→ TASK GOAL: Retype each line below precisely and omit all images.
-------- MATERIAL FOR THIS TASK --------
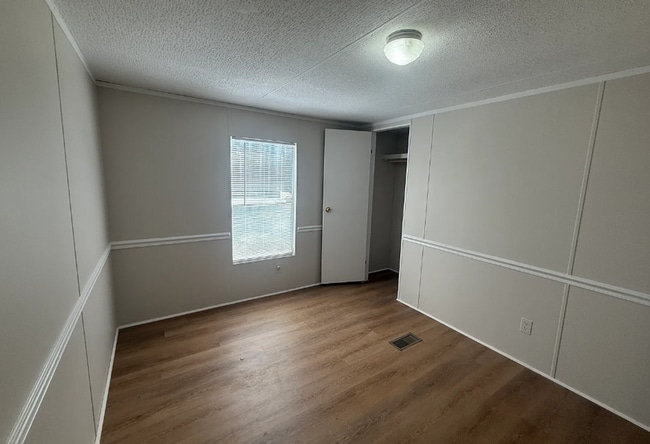 Building Photo - Charming Country Living – 3BR, 2BA Home wi...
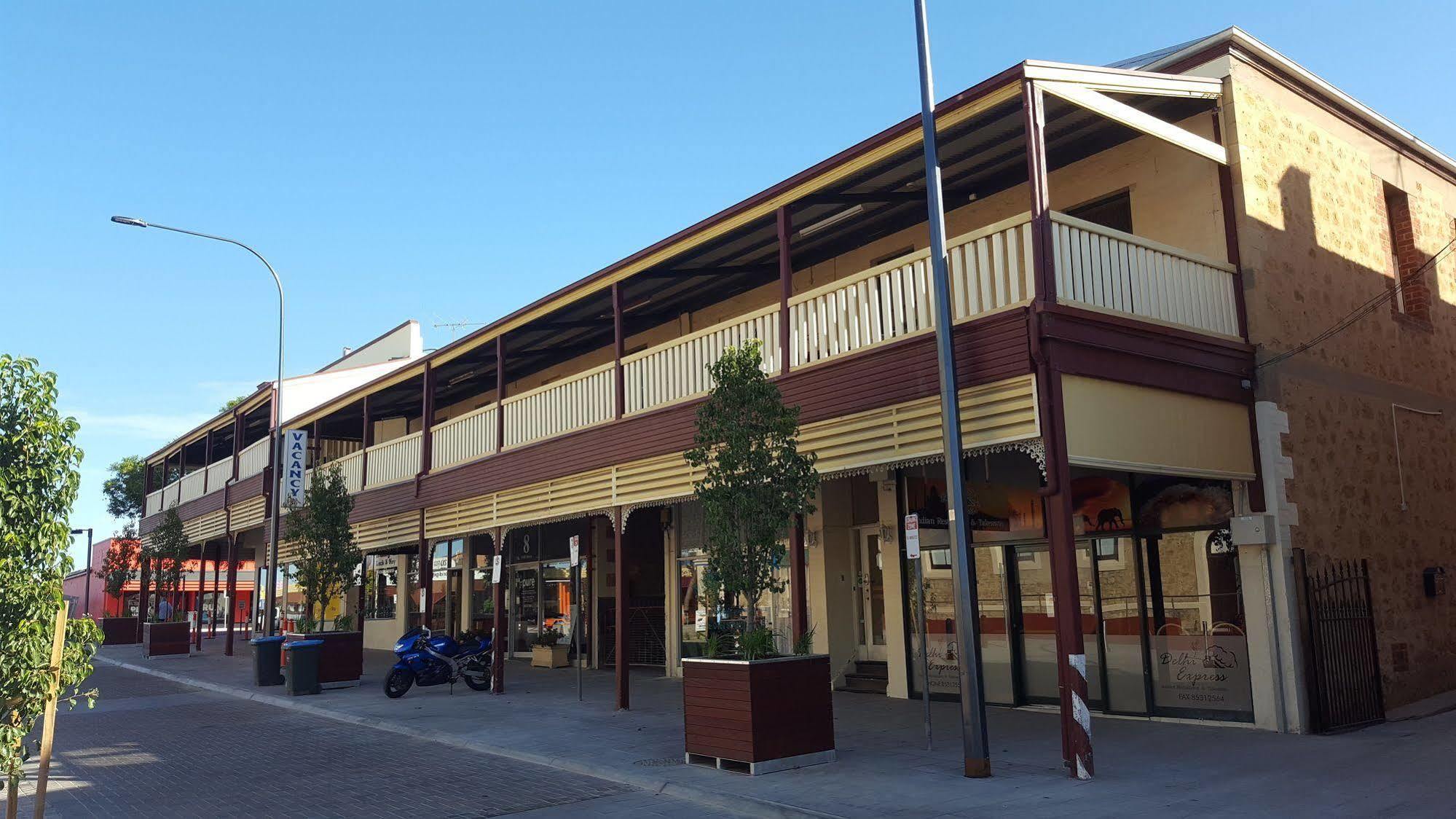 Balcony On Sixth Lodge Murray Bridge Exterior foto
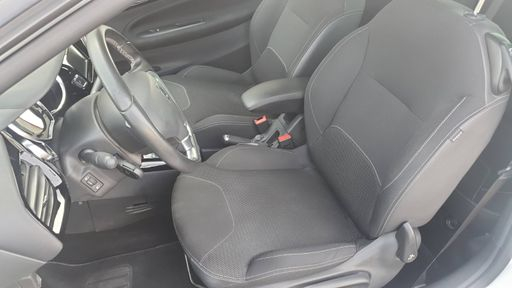 DS DS3 1.2 PureTech 110 - Connected Chic – 2018 – 122795 km – Essence – Boîte Manuelle — photo 32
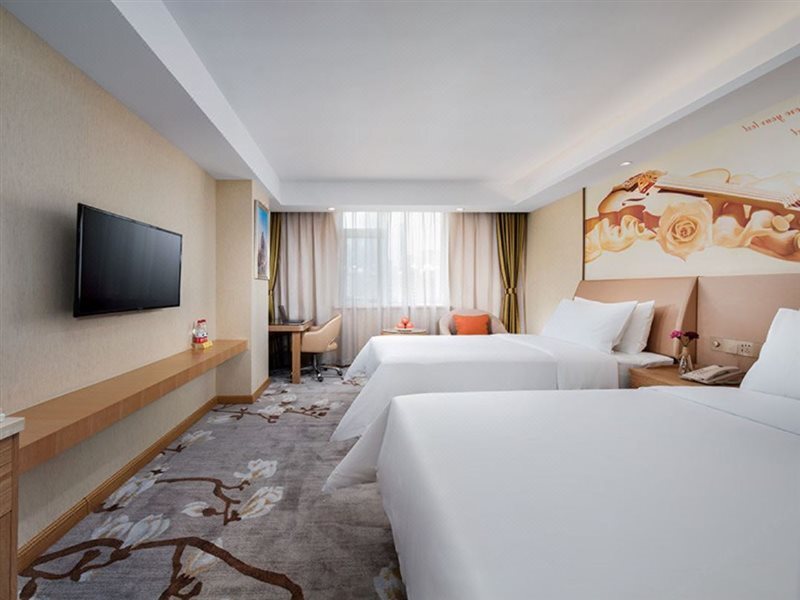 Далянь: Vienna International Hotel Dalian municipal government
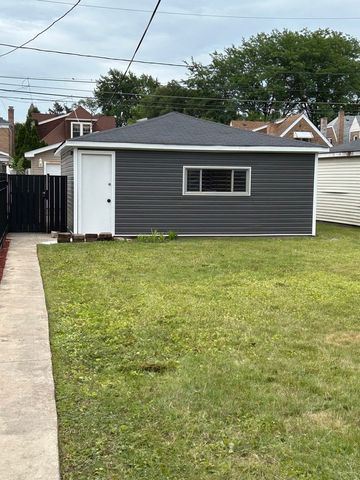 8405 S Indiana Avenue, Chicago, IL 60619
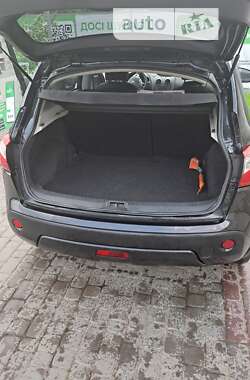 Внедорожник / Кроссовер Nissan Qashqai 2010 в 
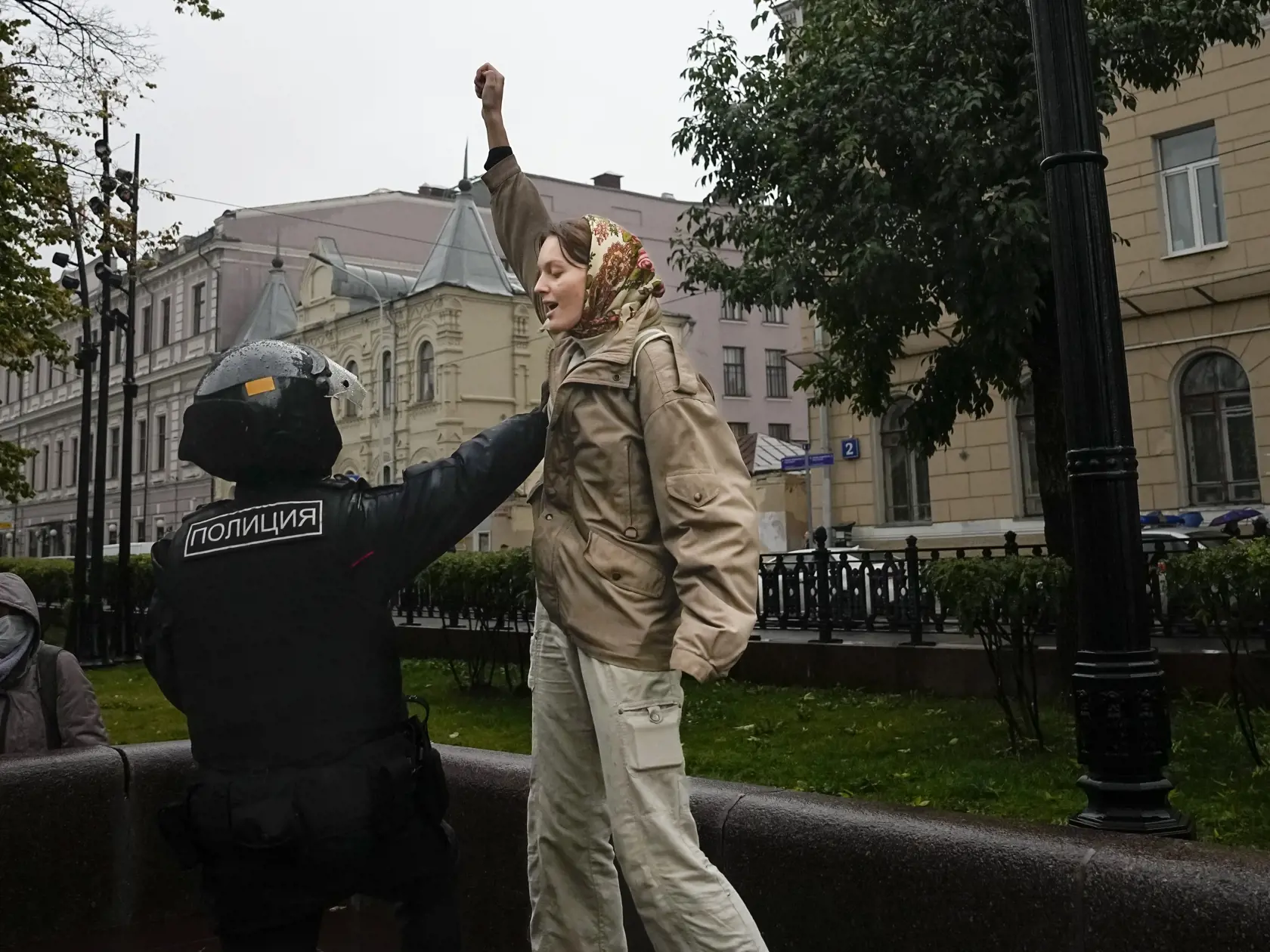 Policajt zadržal demonštrantku v Moskve v sobotu 24. septembra 2022 počas protestu proti čiastočnej mobilizácii, ktorú tento týždeň nariadil prezident Vladimir Putin.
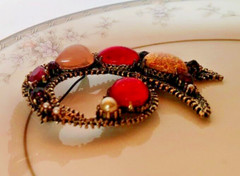 VTG BROOCH Textured Gold Tone Paisley Shape Fire Opal Cabochon Pink Red 2.5 in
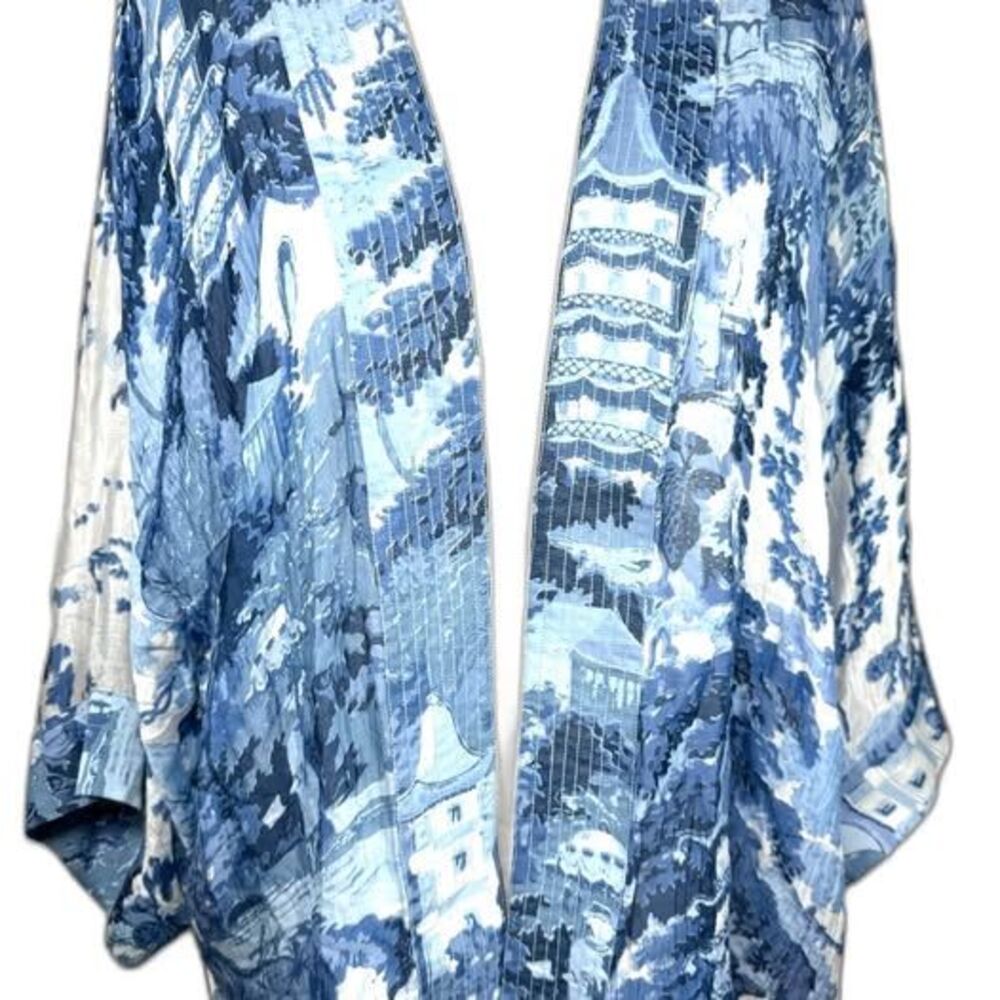 ONE HUNDRED STARS by Two's Company Short Kimono Blue White Asian Inspired Pagoda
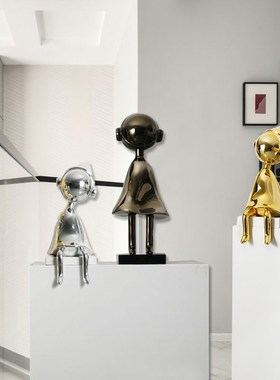 现在轻奢抽象卡通人物雕塑摆件售楼部样板房酒店前台玄关落地装饰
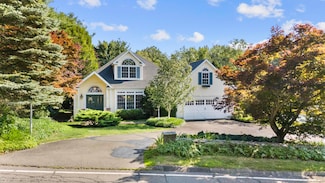 50 Middlebrooks Ave, Trumbull, CT 06611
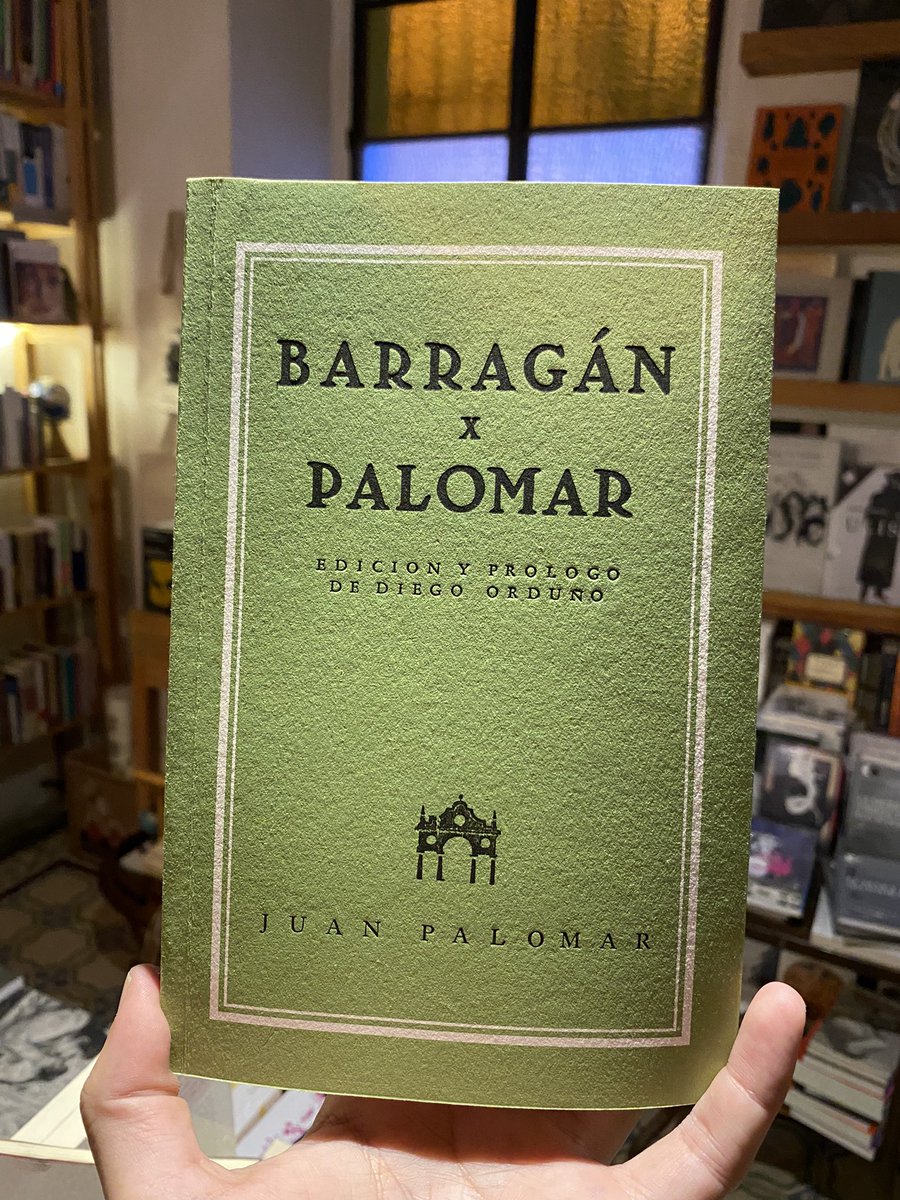 Ayer ya les había presumido este librito. Hoy lo traigo de nueva cuenta con una pregunta muy seria: ¿por qué hago libros tan boñitos? 🙈🙈
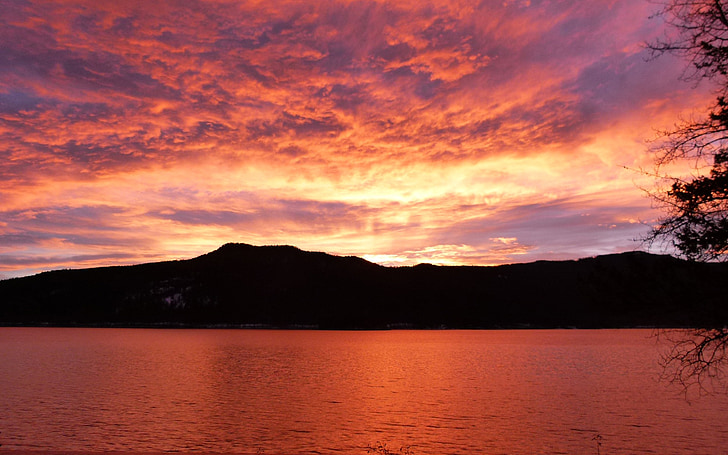 canim jezero, Britská Kolumbie, Kanada, východ slunce, červená, ráno, obloha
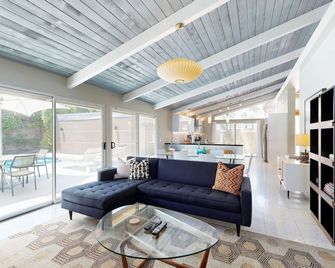 Completely-updated, family-friendly home w/ private pool and spa - פאלם ספירנגס - סלון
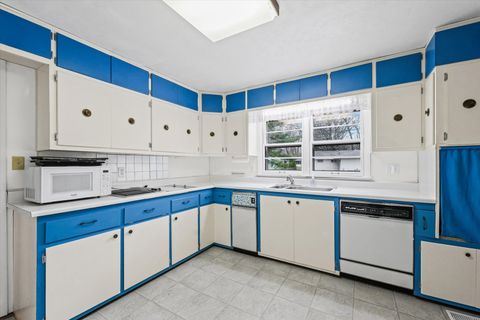 Tiny photo for 1419 Cambridge Drive, Champaign, IL 61821 (MLS # 12585772)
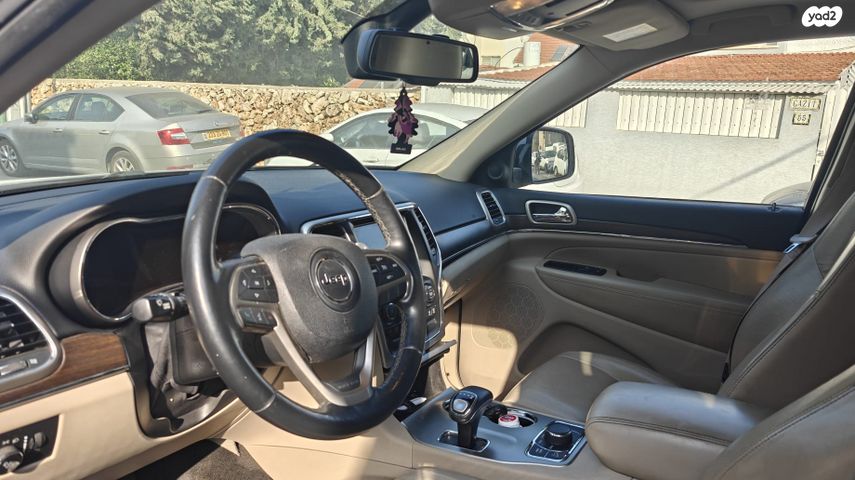 ג'יפ גרנד צ'ירוקי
--------
→ ANSWER BELOW:
 Building Photo - Charming Country Living – 3BR, 2BA Home wi...
 Balcony On Sixth Lodge Murray Bridge Exterior foto
 DS DS3 1.2 PureTech 110 - Connected Chic – 2018 – 122795 km – Essence – Boîte Manuelle — photo 32
 Далянь: Vienna International Hotel Dalian municipal government
 8405 S Indiana Avenue, Chicago, IL 60619
 Внедорожник / Кроссовер Nissan Qashqai 2010 в 
 Policajt zadržal demonštrantku v Moskve v sobotu 24. septembra 2022 počas protestu proti čiastočnej mobilizácii, ktorú tento týždeň nariadil prezident Vladimir Putin.
 VTG BROOCH Textured Gold Tone Paisley Shape Fire Opal Cabochon Pink Red 2.5 in
 ONE HUNDRED STARS by Two's Company Short Kimono Blue White Asian Inspired Pagoda
 现在轻奢抽象卡通人物雕塑摆件售楼部样板房酒店前台玄关落地装饰
 50 Middlebrooks Ave, Trumbull, CT 06611
 Ayer ya les había presumido este librito. Hoy lo traigo de nueva cuenta con una pregunta muy seria: ¿por qué hago libros tan boñitos? 🙈🙈
 canim jezero, Britská Kolumbie, Kanada, východ slunce, červená, ráno, obloha
 Completely-updated, family-friendly home w/ private pool and spa - פאלם ספירנגס - סלון
 Tiny photo for 1419 Cambridge Drive, Champaign, IL 61821 (MLS # 12585772)
 ג'יפ גרנד צ'ירוקי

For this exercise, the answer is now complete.